Optional description of the dataset.

Declare your collection of interest

You can discover available collections the following ways:

  • Programmatically: see example in the list-collections.ipynb notebook
  • JSON API: https://openveda.cloud/api/stac/collections
  • STAC Browser: http://openveda.cloud
STAC_API_URL = "https://openveda.cloud/api/stac"

collection_id = 

Next step is to get STAC objects from the STAC API. We use pystac-client to do a search. Here is an some example of what that might look like.

Discover items in collection for region and time of interest

Use pystac_client to search the STAC collection for a particular area of interest within specified datetime bounds.

bbox = [-180.0, -90.0, 180.0, 90.0]
datetime = "2000-01-01/2022-01-02"
catalog = Client.open(STAC_API_URL)

search = catalog.search(
    bbox=bbox, datetime=datetime, collections=[collection_id], limit=1000
)
items = list(search.items())
print(f"Found {len(items)} items")

The next step is often to define an Area of Interest. Note that it is preferred to get large geojson objects directly from their source rather than storing them in this repository or inlining them in the notebook. Here is an example of what that might look like.

Define an AOI

We can fetch GeoJSON from an authoritative online source for instance: https://gadm.org/download_country.html

response = requests.get(
    "https://geodata.ucdavis.edu/gadm/gadm4.1/json/gadm41_FRA_0.json"
)

# If anything goes wrong with this request output error contents
assert response.ok, response.text

result = response.json()
print(f"There are {len(result['features'])} features in this collection")

That is the geojson for a feature collection, but since there is only one feature in it we can grab just that.

aoi = result["features"][0]

Next some notebooks read in the data. If you are using the raster API to trigger computation server side skip this section.
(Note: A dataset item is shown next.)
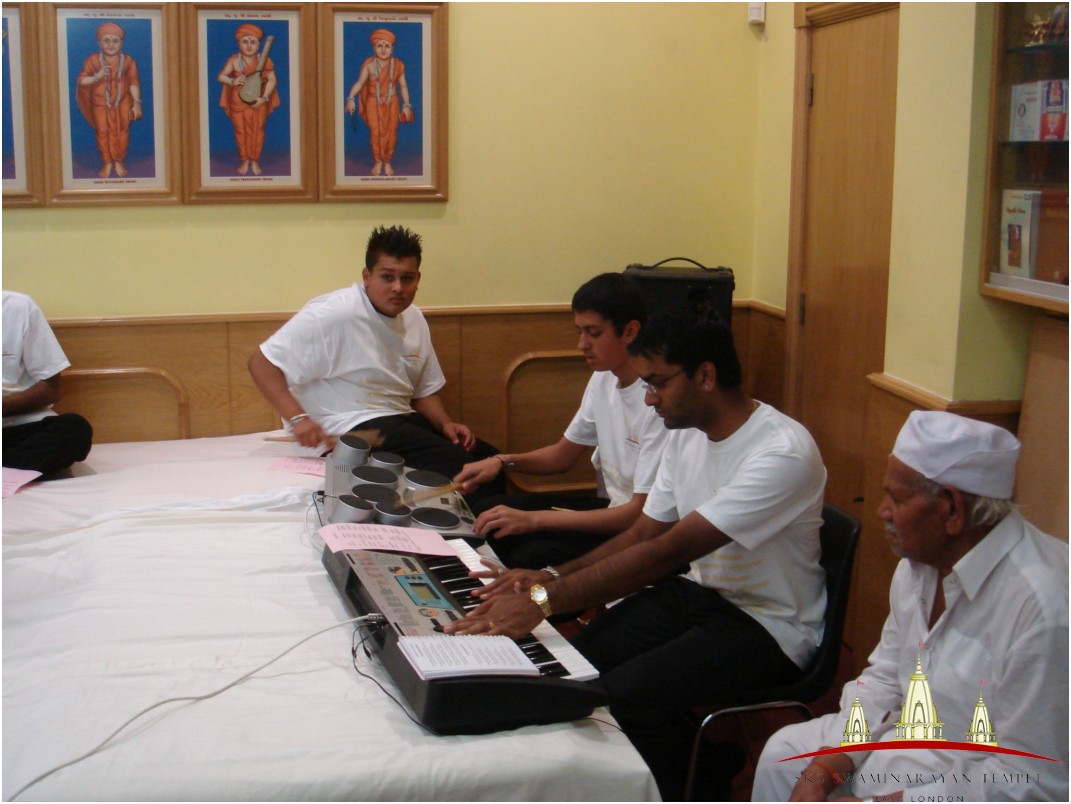 ©1987-2017 SKS Swaminarayan Temple East London
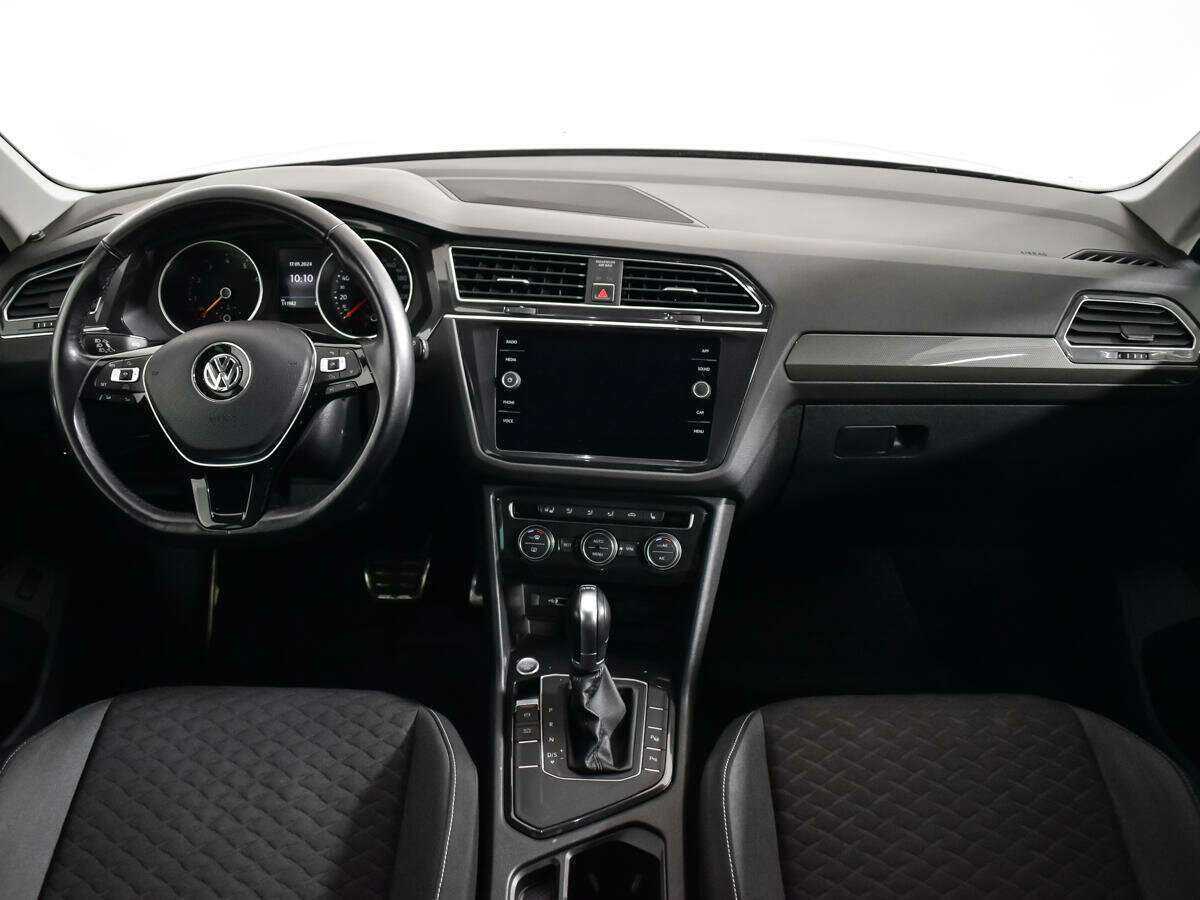 Volkswagen Tiguan L, 2018 Фото №11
Here is an example of reading the data in using stackstac and clipping using rasterio.

m = folium.Map(
    location=[40, 0],
    zoom_start=2,
)

folium.GeoJson(aoi, name="AOI").add_to(m)
m

Read data

Create an xarray.DataSet using stackstac

# This is a workaround that is planning to move up into stackstac itself
import rasterio as rio
import boto3
import pandas as pd
da = stackstac.stack(search.item_collection())
da

Clip the data to AOI

subset = da.clip([aoi["geometry"]])
subset

With the STAC object, and optionally the AOI and/or the data in hand, the next step is to do some analysis. The sections in the rest of the notebooks are totally up to you! Here is an idea though :)

Select a band of data

There is just one band in this case, cog_default.

data_band = da.sel(band="cog_default")

Compute and plot

Calculate the mean at each time across the whole dataset. Note this is the first time that the data is actually loaded.

# Average over entire AOI for each month
means = data_band.mean(dim=("x", "y")).compute()
means.plot()